The sanitary aspects of producing food and beverage products are of extreme importance. Plants must meet high hygienic standards to avoid a product's degradation and contamination during operation, and plant cleaning must be carried out quickly and thoroughly. The cleaning requirements are best met with Cleaning-in-Place (CIP) systems.
CIP systems offer fast, efficient and reliable cleaning of all types of process plant. It's a method which cleans complete items of plant equipment or pipelines circuits without dismantling the equipment.

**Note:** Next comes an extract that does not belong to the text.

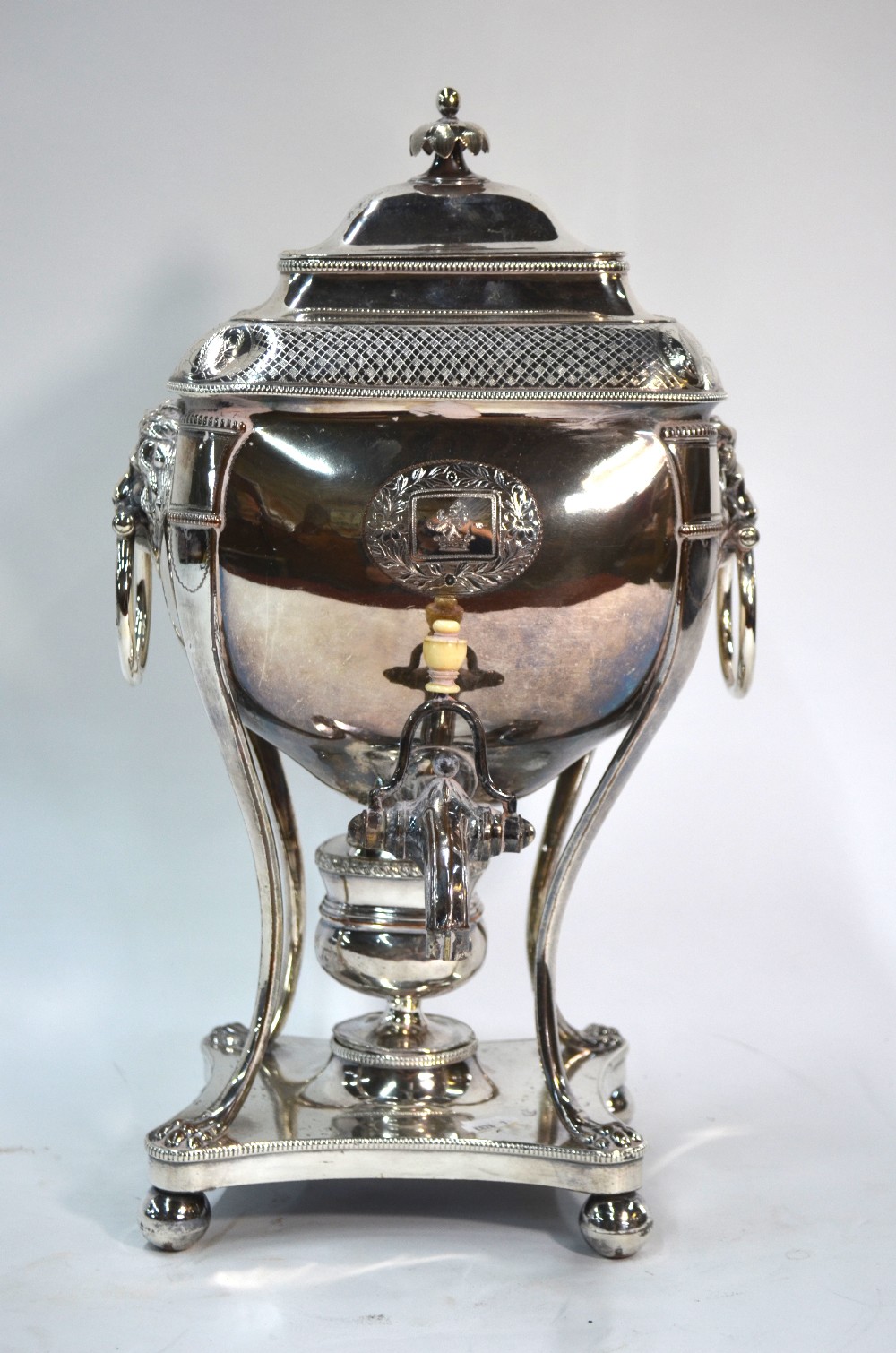 A Regency Old Sheffield Plate tea urn and cover with lion-mask and ring handles, - Image 2 of 4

CIP systems are divided in differents operations :
1- Flushing in order to eliminate residues
2- Alkaline cleaning operation : alkaline detergents
dissolve fat and proteins, and cleaning where harder
deposits have occured
3- Intermediate water rinse
4- Acidic cleaning operation: for neutralising the caustic
remaining on the surfaces of the plant. The acidic
detergents remove mineral deposits in the equipment
(especially warm areas like in the pasteurizer)
5- Final water rinse: Cold water purges out the residual
acid solution
CIP is a closed system where recirculating cleaning solution is applied (often with nozzles) that cleans, rinses and sanitises equipment. The CIP system is usually automatically controlled and the cleaning sequences are given the optimum timing for efficient cleaning of all parts of the plants.